Affiliation:
1. Teachers College, Columbia
Abstract
The recent discussion paper on teachers presented at the United Nations Transforming Education Summit emphasizes the inclusion of teachers in social dialogue at the global and local levels. However, the requisite structural arrangements are not yet in place for teachers' voices to be heard or their perspectives acted on, especially in humanitarian settings. Only now are humanitarian actors beginning to understand the ways in which teachers respond to and work during complex emergencies. Humanitarian actors are also coming to realize how rarely teachers' perspectives inform the technical guidance documents that determine the conditions in which they work (Adelman 2019; Falk, Shephard, and Mendenhall 2022; Pherali, Abu Moghli, and Chase 2020). Based on an ethnographic study with teachers who experienced the 2006 Yogyakarta earthquake in Bantul, Indonesia, this article contributes to a nascent body of literature on teachers' work, their vulnerability and resilience, and the importance of their voices during emergencies.

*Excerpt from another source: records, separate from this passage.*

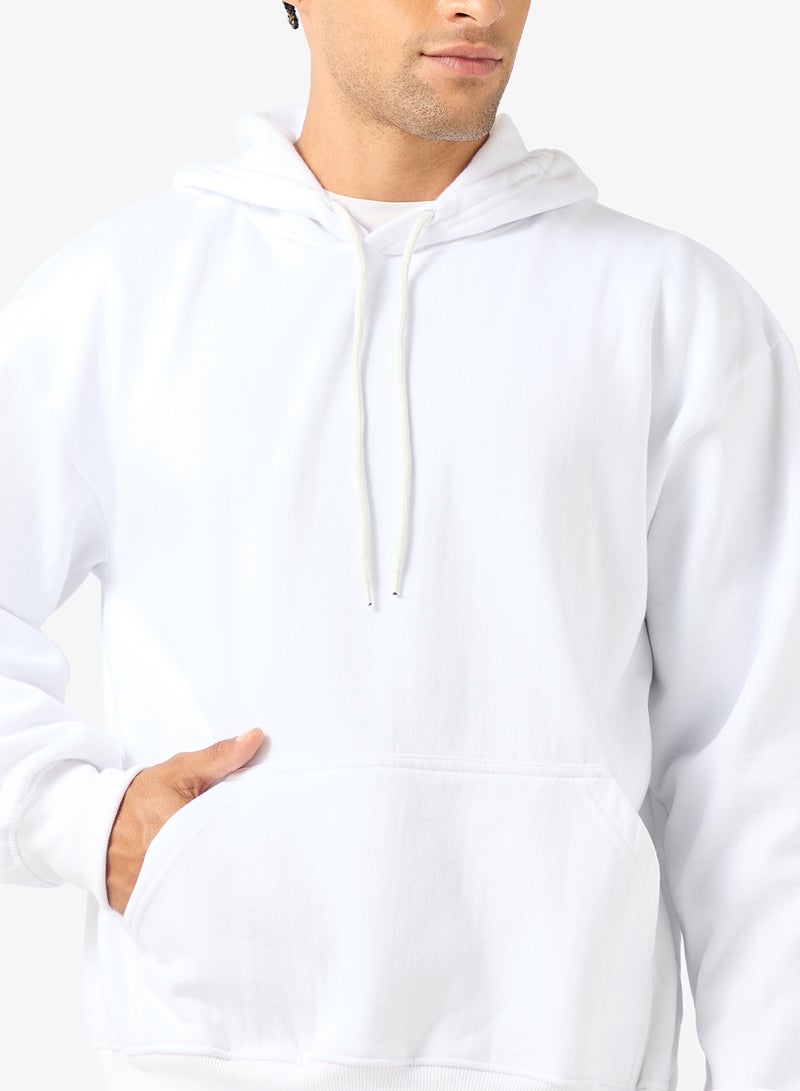 Seventy Five Graphic Print Hoodie - Image 3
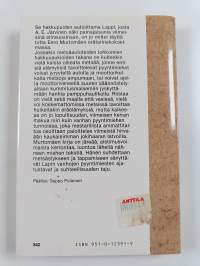 Pyyntimiehiä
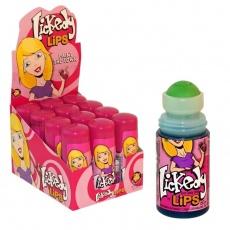 Рідкий льодяник Lickedy Lips 60 мл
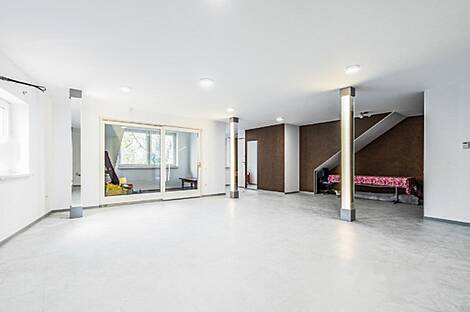 3,5-комнатная квартира в центре Любляны: 9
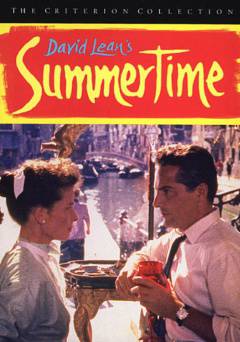 Summertime - Movie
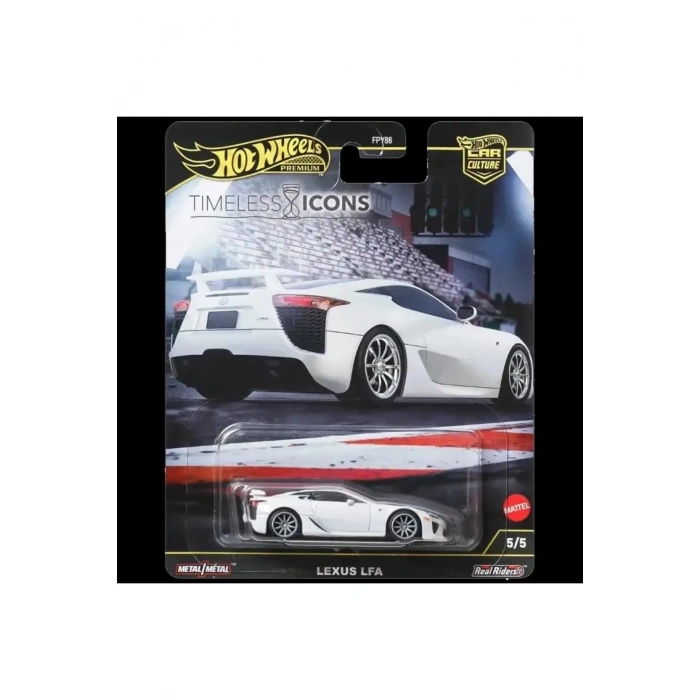 Premium - Timeless İcons 5 li Set - FPY86-976N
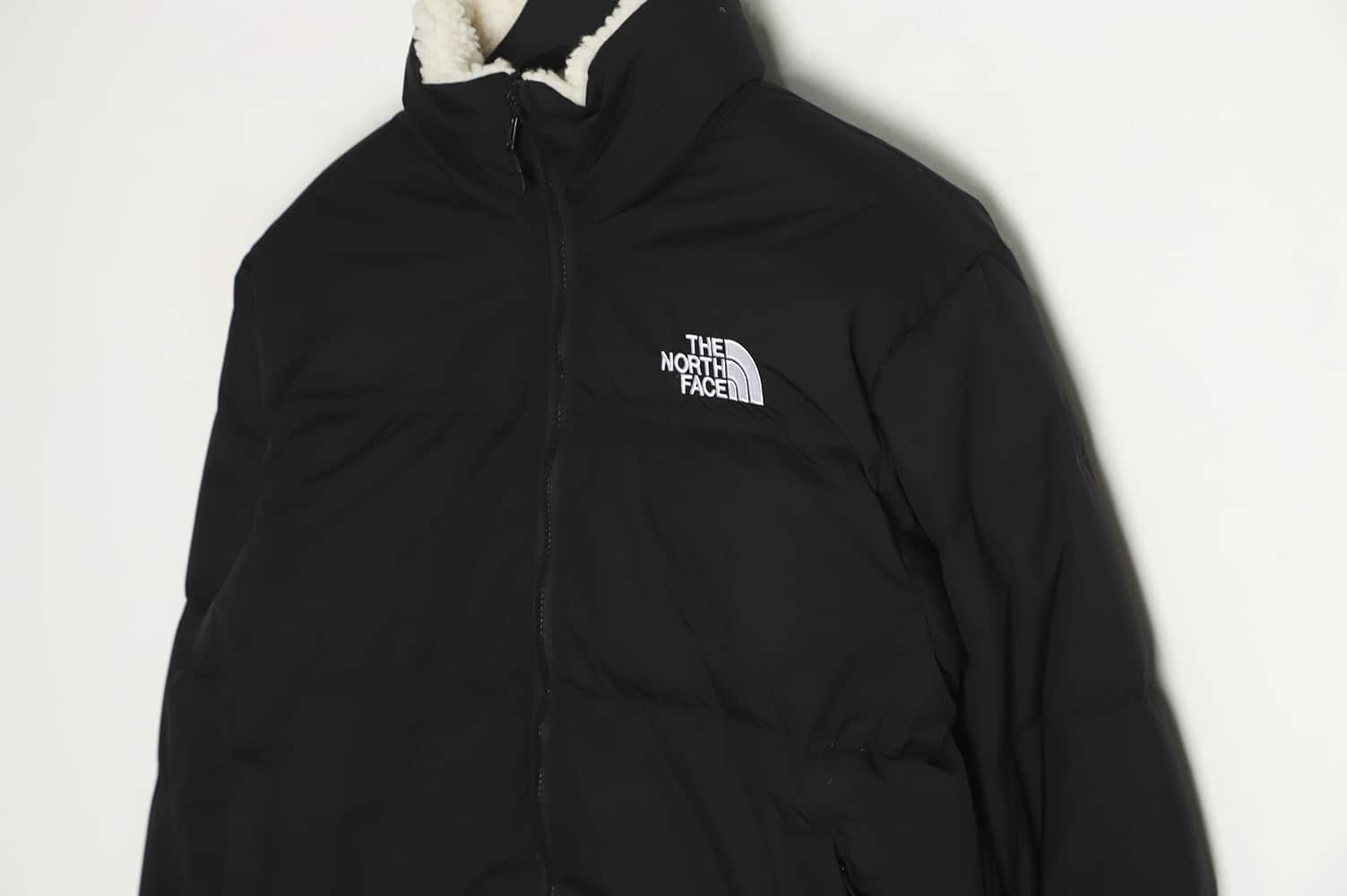 THE NORTH FACE FW21 双面立领羽绒服 TSK2 THE NORTH FACE FW21 双面立领羽绒服 TSK2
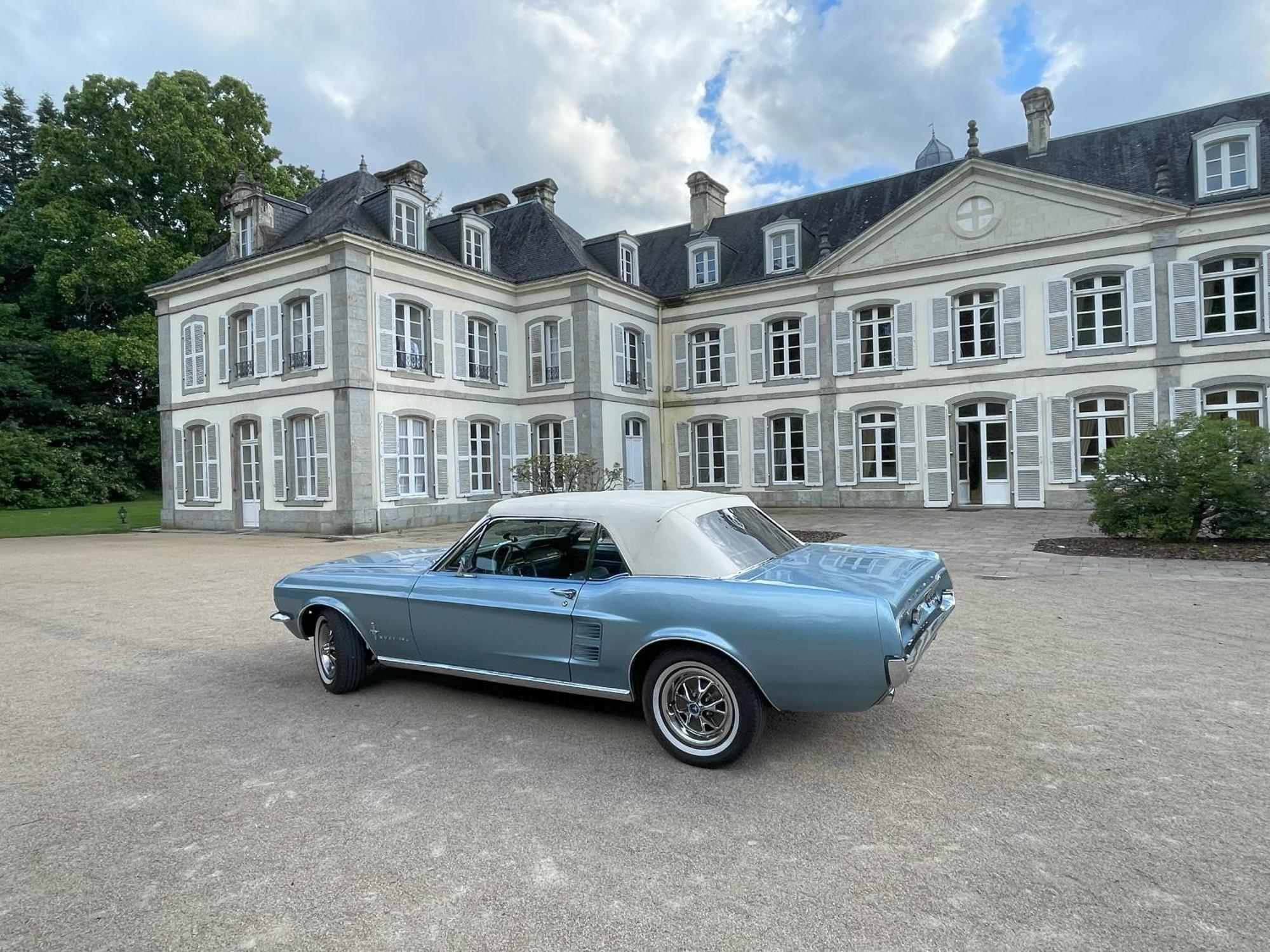 Chateau De Lannouan Landevant ภายนอก รูปภาพ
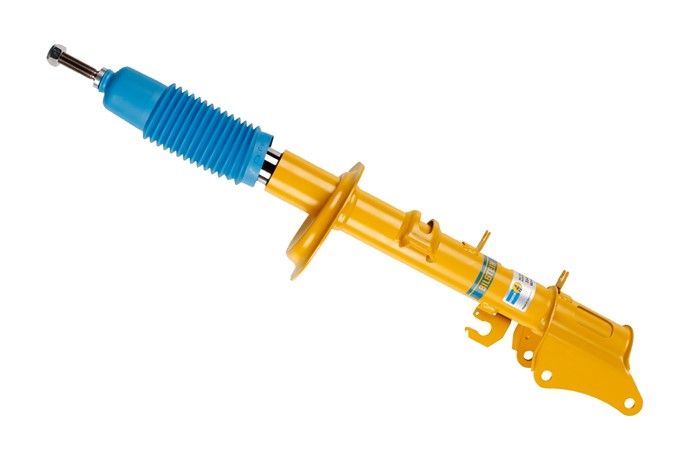 Stötdämpare Gastryck, Bakaxel Bilstein 35-047209 Bilstein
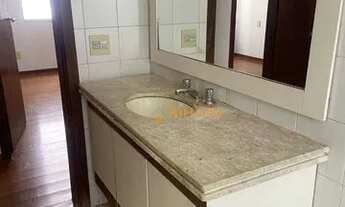 Imagem 5: Apartamento com 4 dormitórios para alugar, 165 m² por R$ 6.420,00/mês - Savassi - Belo Hor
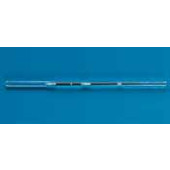 Spatule d'agitation Longueur 120 mm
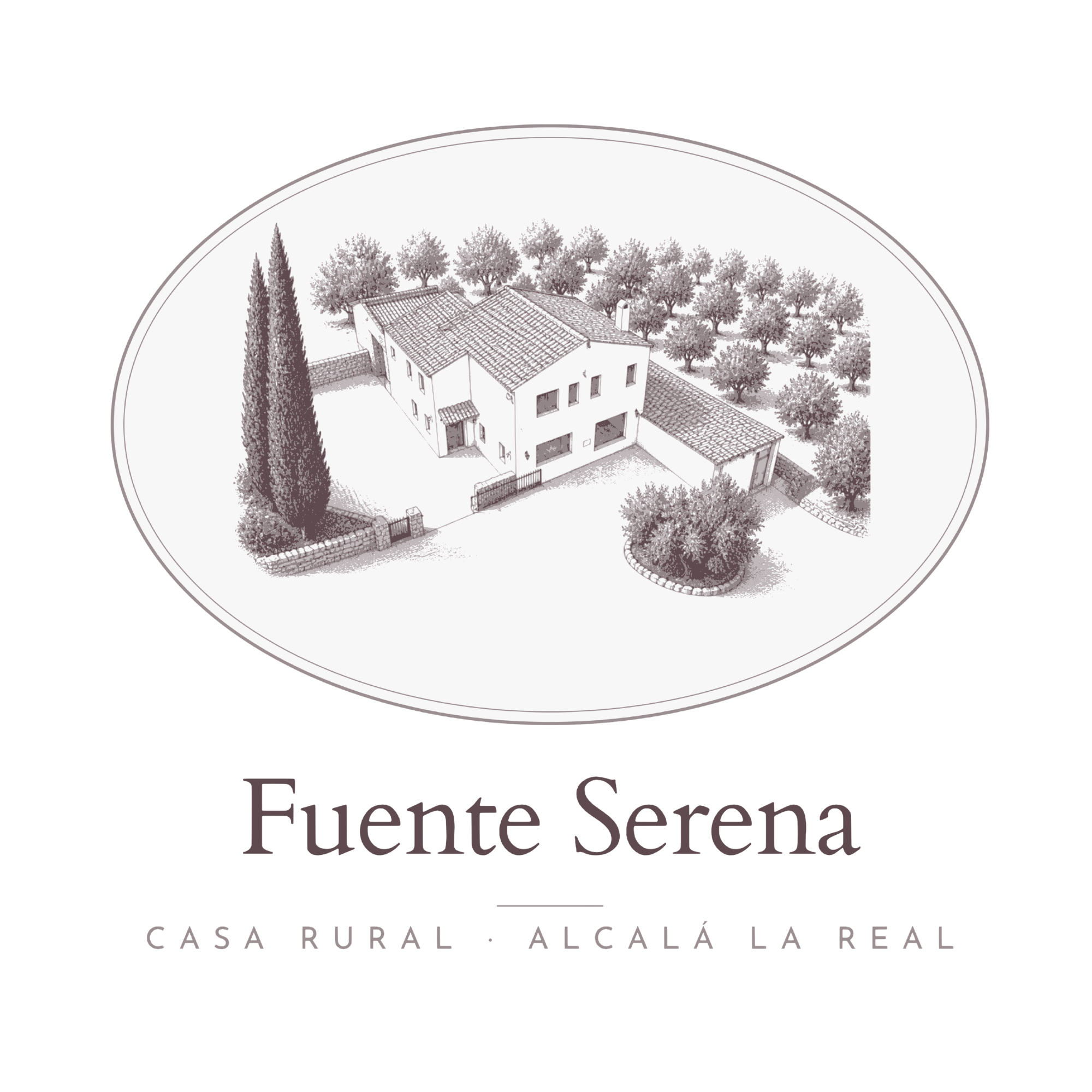 fuente serena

As Marchezini (2015, 370) states, "It is necessary to look at survivors not merely as affected people, but as subjects with their own cultures and coping strategies." With insights from teachers' own narratives and the recurring concept of bangkit semangat (raise the spirits), I contend that the absence of teachers' voices from global policy and guidance means that we have an inadequate understanding of teachers' agency and fail to recognize their potential to realize, reimagine, and rework global recommendations at a local level.